By 2006 and 2007, when most households already had flatscreen TVs in their living rooms and bedrooms, the hotel industry was just beginning to install them, Bhalla explained. The industry's standard model, which remains today, was a 32" LCD TV.
"But most people don't even have that TV at home, most people have better TVs at home," Bhalla said. "It's stuff like this that makes a big difference."
Via nevistas.com
Now, nearly a decade later, the biggest players in the hospitality industry are trying, with varying levels of success, to implement a mobile strategy to streamline the check-in and in-room experiences. A look at the airline and taxi industries shows how eager travelers are to move to mobile for booking, payment and everything in between.
"Right now you're seeing a move toward keyless entry and remote check-in or online check-in," Meliker said. While smaller lifestyle chains and boutique hotels have already adopted keyless entry as common practice, most of the large chains are lagging when it comes to its implementation.
"Some of the really interesting innovations that are taking place are in the customer experience arena, allowing those customers that want to to bypass the front desk and get right to their room," said Douglas Quinby, a travel and digital strategy analyst at hospitality consultancy Phocuswright. "Starwood has been the fastest out of the gate in terms of rolling out actual smartphone-enabled room entry and keys — they rolled this out across the Aloft and Element brands."
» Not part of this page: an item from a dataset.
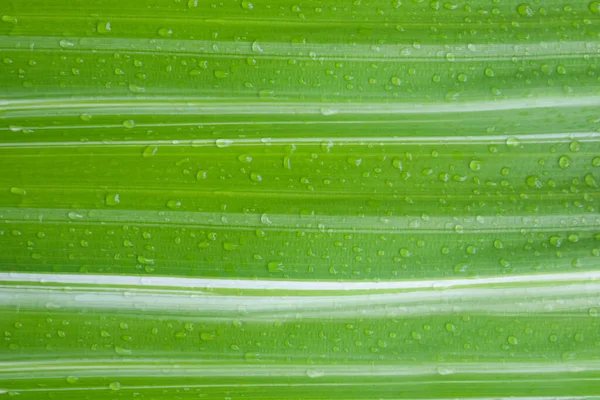 Folhas Verdes Com Gotas Água Para Design Fundo Natureza — Fotografia de Stock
Both Quinby and Meliker cited Starwood as an industry leader in remote check-in and keyless entry, something Marriott is also rolling out. On its fourth quarter 2014 earnings call last week, Starwood said it was implementing mobile check-in across properties to appeal to younger, "tech-savvy" travelers.
Still, Starwood's attempts at tech-focused, Millennial-targeted properties with its Aloft and Element brands have fallen somewhat short of the company's initial goals.
"Starwood, with Aloft and Element, they have not had much success with that," Meliker said. "They said in 2007 they would have 200 Aloft hotels by 2010, and today in 2015 they have 91, so nowhere near where they were looking for and what they had envisioned. The brand hasn't had the traction they wanted."
Bhalla remains optimistic, however, that Starwood and others will make keyless check-in the norm across all large brands.
"Keyless check-in will be an industry standard in the not-too-distant future," Bhalla said. "Probably in the next two to three years."